Beginning at the line that includes "Closeup bearded man", print each remaining line of the data word for word. Output nothing else.

Data for processing →
*** Block opens ***
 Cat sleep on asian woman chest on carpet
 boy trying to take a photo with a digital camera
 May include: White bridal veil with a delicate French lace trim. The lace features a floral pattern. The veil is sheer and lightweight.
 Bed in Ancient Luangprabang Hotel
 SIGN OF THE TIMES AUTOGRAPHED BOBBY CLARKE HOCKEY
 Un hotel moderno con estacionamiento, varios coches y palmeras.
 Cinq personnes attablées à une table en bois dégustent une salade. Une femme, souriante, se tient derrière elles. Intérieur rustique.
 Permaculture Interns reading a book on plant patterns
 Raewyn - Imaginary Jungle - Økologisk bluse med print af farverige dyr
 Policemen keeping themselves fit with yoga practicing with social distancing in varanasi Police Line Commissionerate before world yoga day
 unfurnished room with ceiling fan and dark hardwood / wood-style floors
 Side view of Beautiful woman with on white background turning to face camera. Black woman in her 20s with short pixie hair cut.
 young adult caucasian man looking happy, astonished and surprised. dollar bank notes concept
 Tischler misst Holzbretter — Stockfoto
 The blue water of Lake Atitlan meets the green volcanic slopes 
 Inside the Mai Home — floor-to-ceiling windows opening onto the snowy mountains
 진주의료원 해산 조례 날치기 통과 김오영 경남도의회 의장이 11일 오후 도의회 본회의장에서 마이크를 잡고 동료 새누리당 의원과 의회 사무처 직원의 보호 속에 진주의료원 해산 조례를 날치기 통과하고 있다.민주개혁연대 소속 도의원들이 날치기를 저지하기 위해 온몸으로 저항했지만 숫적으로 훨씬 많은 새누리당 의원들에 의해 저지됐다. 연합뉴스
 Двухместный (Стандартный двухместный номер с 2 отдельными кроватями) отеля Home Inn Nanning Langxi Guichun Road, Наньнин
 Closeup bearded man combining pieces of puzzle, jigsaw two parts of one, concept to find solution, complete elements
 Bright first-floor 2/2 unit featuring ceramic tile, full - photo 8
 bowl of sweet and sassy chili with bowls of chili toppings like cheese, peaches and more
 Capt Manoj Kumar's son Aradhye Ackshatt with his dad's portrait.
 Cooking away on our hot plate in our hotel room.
*** Block closes ***
Answer box →
 Closeup bearded man combining pieces of puzzle, jigsaw two parts of one, concept to find solution, complete elements
 Bright first-floor 2/2 unit featuring ceramic tile, full - photo 8
 bowl of sweet and sassy chili with bowls of chili toppings like cheese, peaches and more
 Capt Manoj Kumar's son Aradhye Ackshatt with his dad's portrait.
 Cooking away on our hot plate in our hotel room.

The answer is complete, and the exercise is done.